Descenso

José Fernando Isaza
18 de octubre de 2018 - 09:05 a. m.

En sus largos días de reclusión, muchas ideas deben estar atormentando al expresidente Lula da Silva, de Brasil. Como mandatario logró mejorar la situación de los sectores más pobres y desprotegidos del Brasil. Sus políticas de ayuda directa del Estado a las familias vulnerables, a las que enviaran a sus hijos a la escuela, a los atrapados en la pobreza extrema, permitieron sacar al país del dudoso honor de ser el más desigual de América Latina. No destruyó la economía, como sí lo está haciendo Maduro; por el contrario, los indicadores de inversión y crecimiento muestran una adecuada mezcla entre un Estado social de derecho, algo de populismo y cierta dosis de neoliberalismo. Sin duda, si hubiera sido candidato, habría triunfado. Su lugar en la historia lo tenía asegurado.

Todo cambia por un imperdonable acto de corrupción, por el cual ha sido declarado culpable; recibir de un contratista un apartamento, grande o pequeño, lujoso o no, con vista o no al mar, escriturado a él o alguna organización vinculada.
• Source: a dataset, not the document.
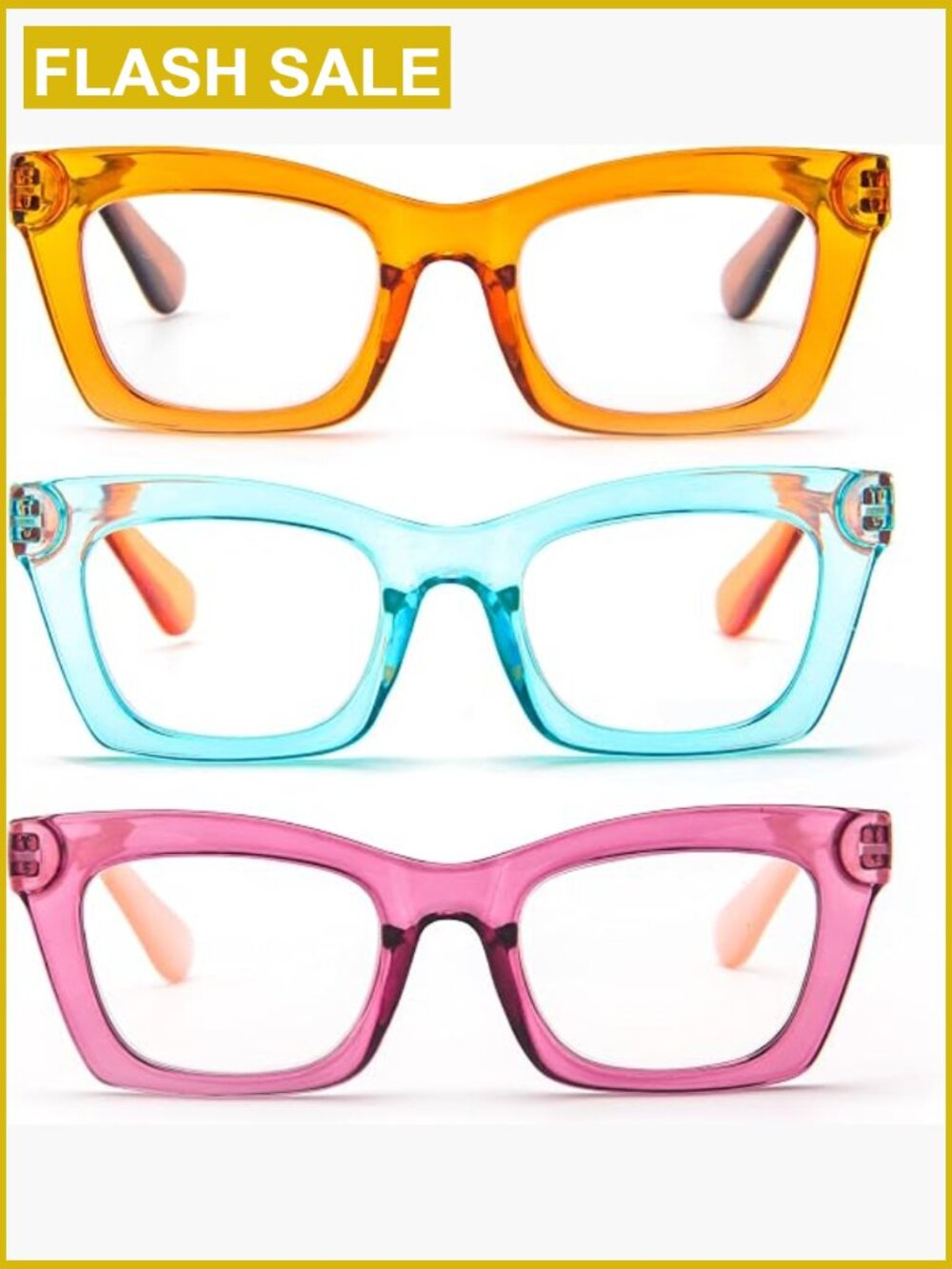 Oversized Square Blue Light Blocking Reading Glasses Women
Lula debe pensar que trocó su paso a la historia por una generosa dádiva; sin embargo, lo que más debe atormentarlo es que abrió el camino a la Presidencia de un peligroso candidato, Bolsonaro, quien sepultará los avances socioeconómicos, los derechos de las minorías y de los marginados.

Se compara a Bolsonaro con Trump, pero hay diferencias. Bolsonaro muestra un mayor desprecio verbal por los valores de la civilización y por el respeto a los derechos del ciudadano y de los países, pero al menos no dispone de un arsenal nuclear que pueda desencadenar un Armagedón. Podría compararse con el presidente filipino Duterte, quien en sus declaraciones se confiesa como un asesino directo y no solo un instigador de crímenes contra la humanidad.
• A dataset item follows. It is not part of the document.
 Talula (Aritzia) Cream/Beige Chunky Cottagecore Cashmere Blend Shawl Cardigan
La lucha de la sociedad contra la corrupción debe castigar a los culpables directos con cárcel y restitución de la riqueza obtenida fraudulentamente. Lo que está sucediendo en varias latitudes es que el hastío de los votantes por la clase política corrupta los lleva a elegir peligrosos populistas a los que no les tiembla la mano ni la voz para incitar a los peores crímenes. Con estas decisiones, la sociedad se da un tiro en el pie.

Deben buscarse sanciones efectivas contra las modalidades más sutiles de corrupción que escapan a los códigos penales. Algunos ejemplos aclaran lo anterior. Si un alcalde de alguna ciudad presiona la adjudicación de un megacontrato y la firma ganadora no le da una coima, pero luego lo invita a múltiples y bien pagadas conferencias internacionales, ¿no es esto un caso de corrupción? Con la ventaja de que no será sancionable. Lo sucedido con el apartamento de Lula no es un caso aislado en Latinoamérica, la dádiva no la reciben “gratuitamente” algunos importantes políticos, sino mediante un precio muy por debajo del valor de mercado, o por medio de un arrendamiento con opción de compra, cuyo canon es una fracción del real. Las pensiones de jubilación exorbitantes por trabajar unos días en el Congreso o una corta estadía como magistrados no constituye un delito, pero son una apropiación indebida de recursos públicos.

En muchas ocasiones no hay siquiera sanción social. En el epílogo de la novela El general en su laberinto, García Márquez agradece a quien años atrás desfalcó la entonces Empresa de Energía de Bogotá, lucrándose con la corrupción del proyecto del Guavio.